■ About this exercise
Starting from the line with "Стеклянный электрочайник Promotec PM-810." and going up to and including the line with "Deadwood Leather Rose", copy the listing below exactly. Leave all images out.

+++

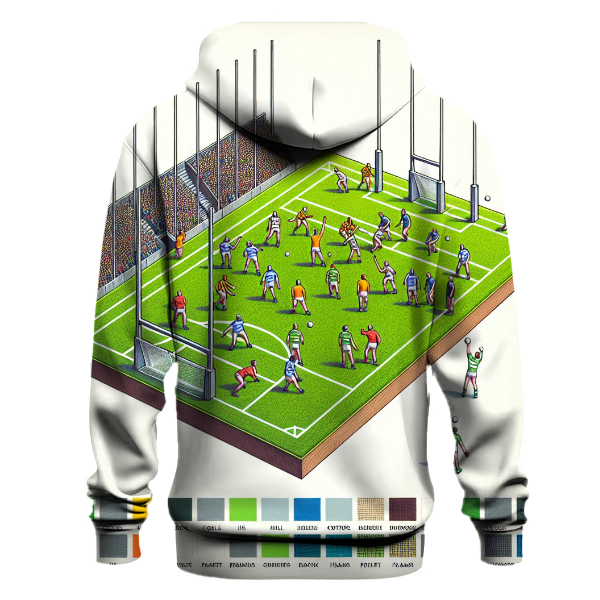 Gaelic Football - Celtic Pride Hoodie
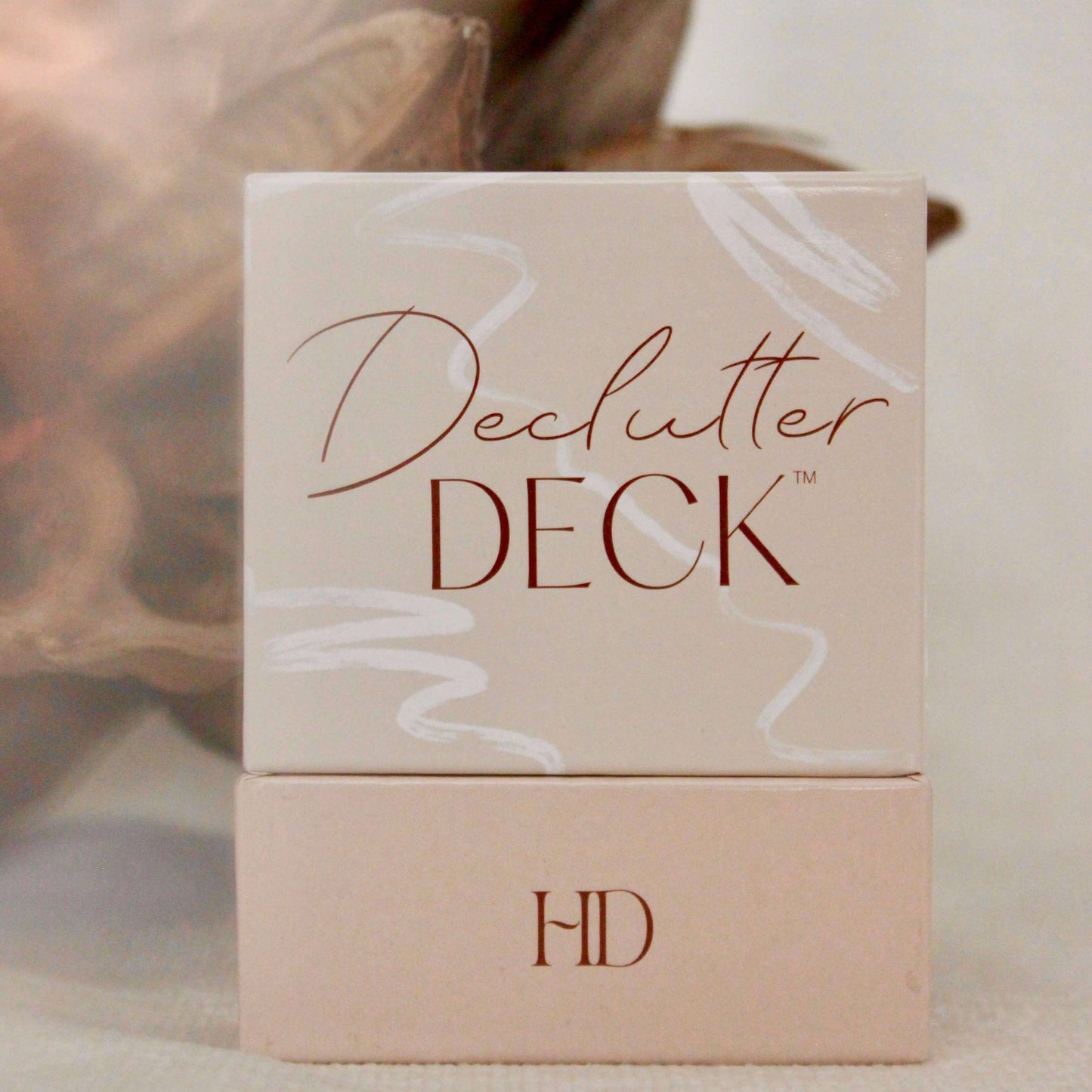 Hack Decks® - Declutter Deck®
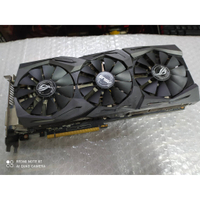 ★故障卡★華碩 ASUS ROG STRIX GTX1080 O8G GAMING 顯示卡 A789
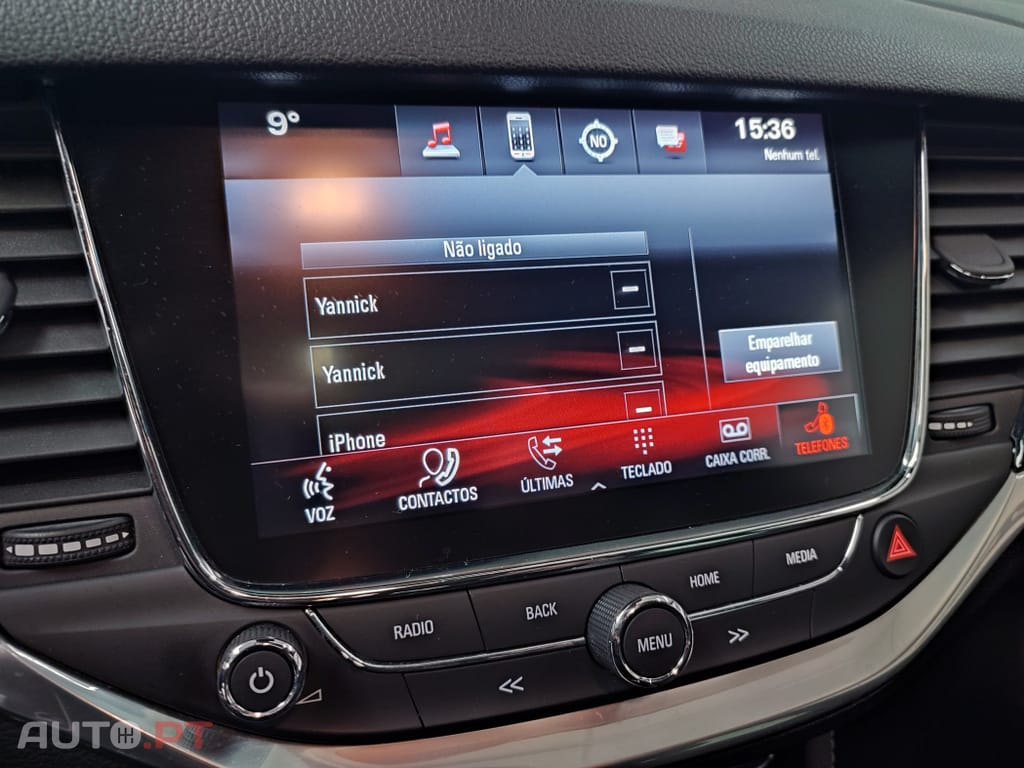 Opel Astra K SPORT TOURER INNOVATION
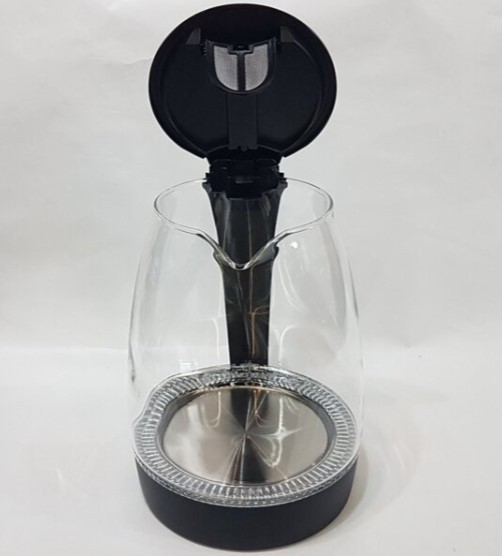 Стеклянный электрочайник Promotec PM-810.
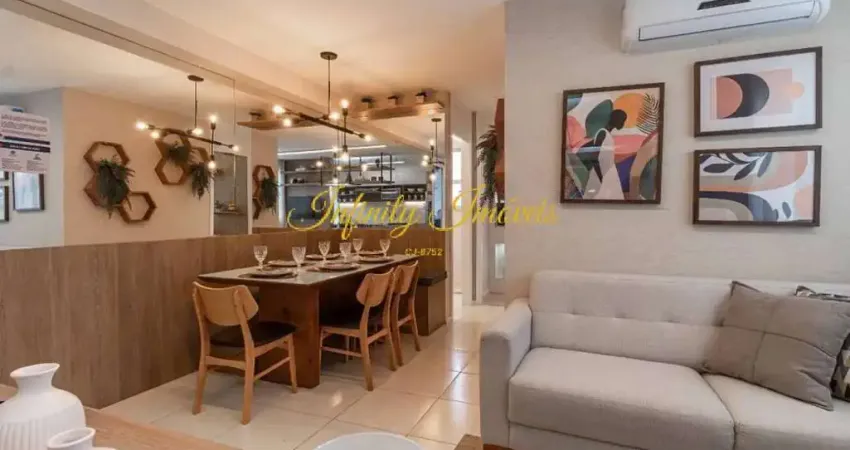 Reserva do sol apartamento 2 quartos em curicica pronto para morar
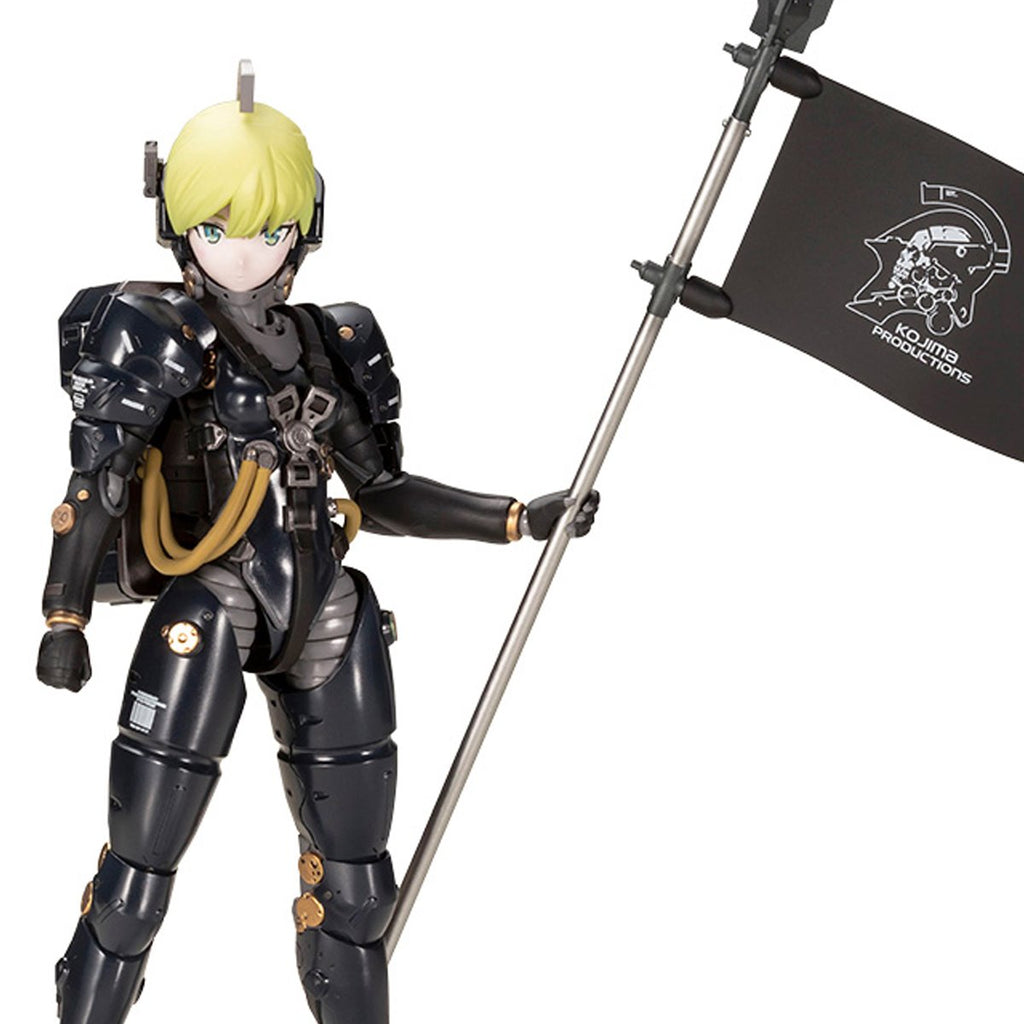 Kojima Productions Ludens Black Version Model Kit
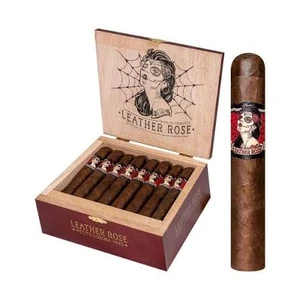 Deadwood Leather Rose Petite Corona (4x43 / Box 24)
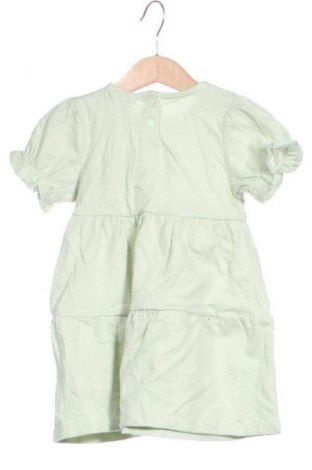 Детска рокля Dopo Dopo, Размер 12-18m/ 80-86 см, Цвят Зелен, Цена 7,15 €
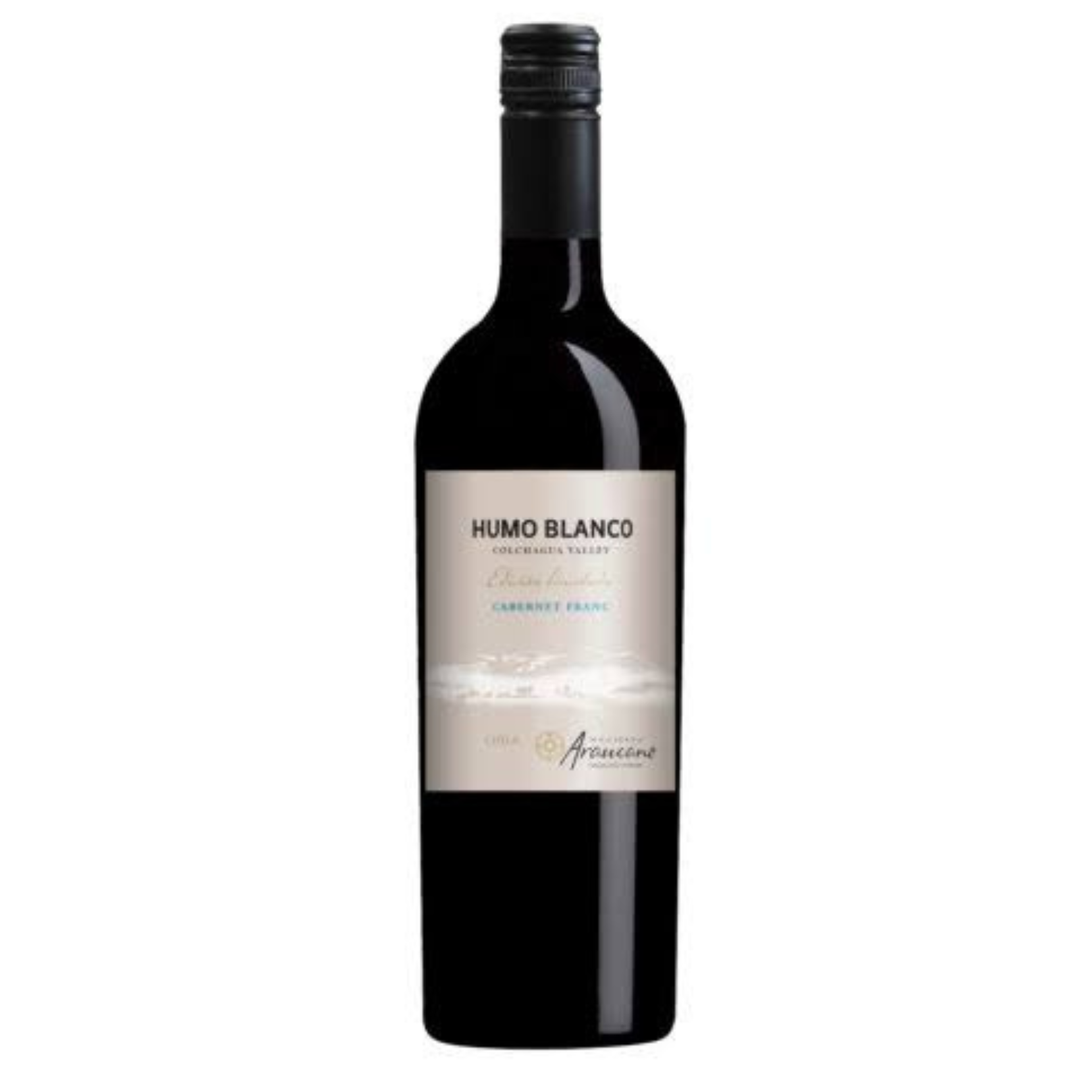 Francois Lurton Araucano Humo Blanco Cabernet Franc Organic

+++

■ Completed task
 Стеклянный электрочайник Promotec PM-810.
 Reserva do sol apartamento 2 quartos em curicica pronto para morar
 Kojima Productions Ludens Black Version Model Kit
 Deadwood Leather Rose Petite Corona (4x43 / Box 24)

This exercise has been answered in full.